Lesson 1 In-Class Discussion ✅

In lesson 1 notebook, when we plot the confusion matrix:

interp = ClassificationInterpretation.from_learner(learn)
interp.plot_confusion_matrix()

Is it using a hold-out set to do it ? Is this set different from the set used to train the model ?

Thanks!

Which platform are you using ?

Thanks! I kept looking for the method in the learn object - didn’t expect it to be a part of the img!

For resnet, the typical normalization is mean subtraction; no division by std. The mean for ImageNet dataset is

mean= [103.939, 116.779, 123.68]

(BGR channels)

@tsail good question. When we do one pass we learn which direction to adjust the weights in (up or down) based on the data we have seen and the labels we are trying to tune the network to recognise. The problem is we do not know by how much to adjust the weights. The learning rate represents the size of the adjustment to the weights (i.e. we multiply the weights by the learning rate). A small learning rate makes smaller adjustments to the weights and needs more iterations over the data (epochs) to get to an optimal point. The caveat is the learner can get trapped at various points but let’s not discuss that now as it could lead to confusion. A large learning rate will adjust the weights more aggressively. The next question is why dont we just use large learning rates? If we use a large learning rate we can overshoot the optimal point we are trying to narrow in on and because its large we end up bouncing back and forth without ever narrowing in on the optimal point. So it is common to start with a large learning rate and then gradually decrease it. However this is just one method. There are many methods (automatic and manual) to adjust the learning rate.

4 Likes

Google colab

Hi, Did you fix this error?

Hi, No.

I am working on Colab now and am uploading the data to my google drive and working on it.
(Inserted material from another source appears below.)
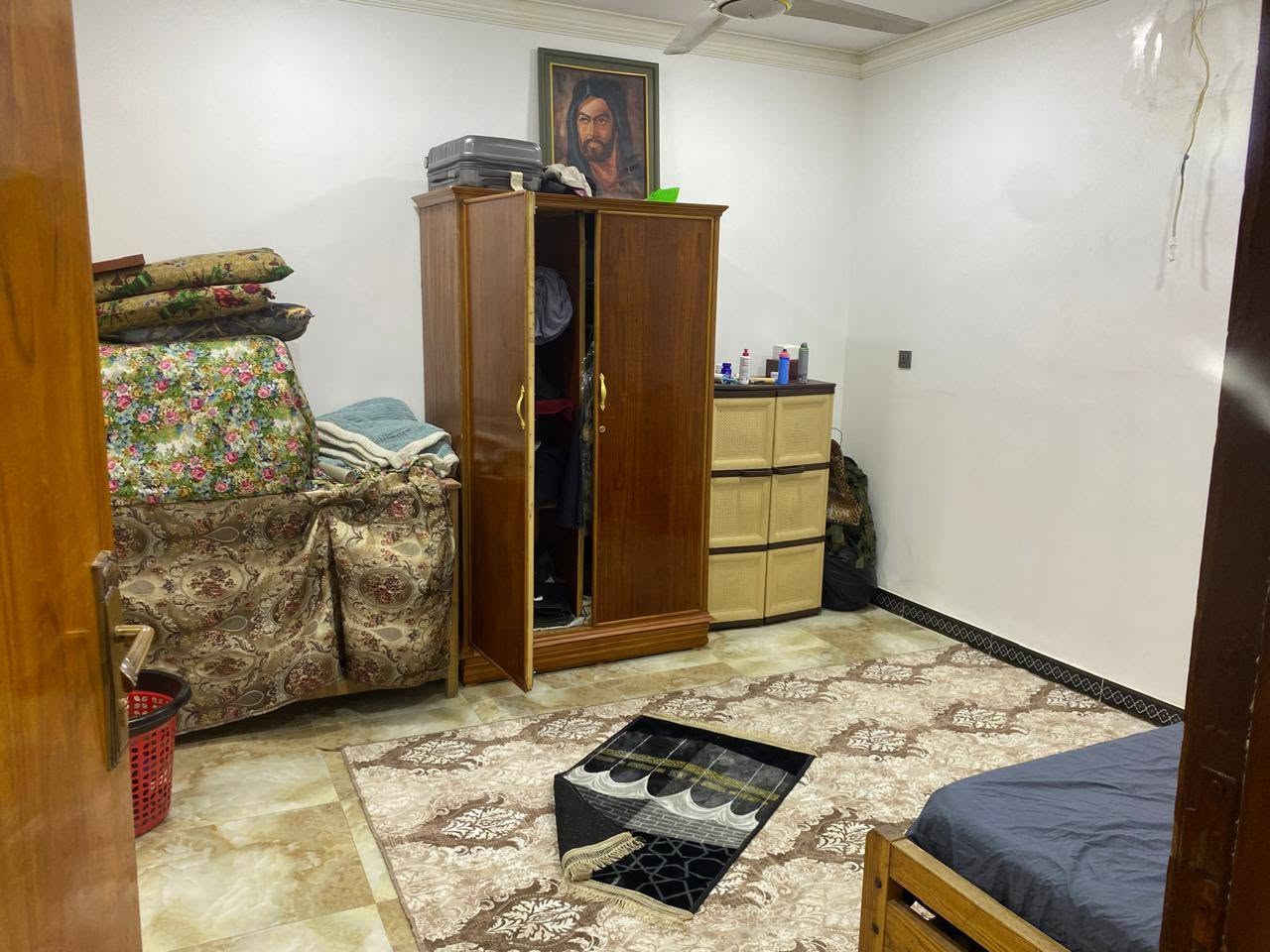 بيت للبيع في حي الجهاد (الأمانة) خلف جامع مديحة، مساحته 100 متر مربع (10 في 10) وبناء سنة 2015. يحتوي البيت على أربع غرف نوم (ثلاث منها مساحتها 4 في 4 وغرفة واحدة كبيرة مساحتها 5 في 6)، بالإضافة إلى صالة استقبال بمساحة 5 في 6 وهول داخلي بمساحة 4 في 4. كما يضم مطبخاً خارجي ومخزناً على السطح مشيدين بنظام السندويج بآنل، مع وجود ثلاثة حمامات ومناور عدد اثنين لضمان التهوية الممتازة، وتشجير بمساحة 60 متر. للاستفسار ومعرفة التفاصيل يرجى الاتصال حصراً على الرقم: ***********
Ah ok. AWS is my platform and I have my data in S3. I am getting the same error - KeyError: ‘content-length’.
Thanks.

I did not check, but I am pretty confident that this is pytorch.

Thanks for your explanation @maral!

I encounter the same issue with different kaggle dataset. Did you fix this?

Has anyone tried using mnist_stats declared in fastai/vision/ data.py

When I try data.normalize(mnist_stats) I get the error mnist_stats not defined. I proceeded with declaring that in my notebook but maybe data.py needs to be updated? (the __all__ part)

Will be in the next release.

1 Like

Wondering what is the relationship between learning rate and batch size. As in first lecture in the end, I needed to decrease batch size due to memory issue.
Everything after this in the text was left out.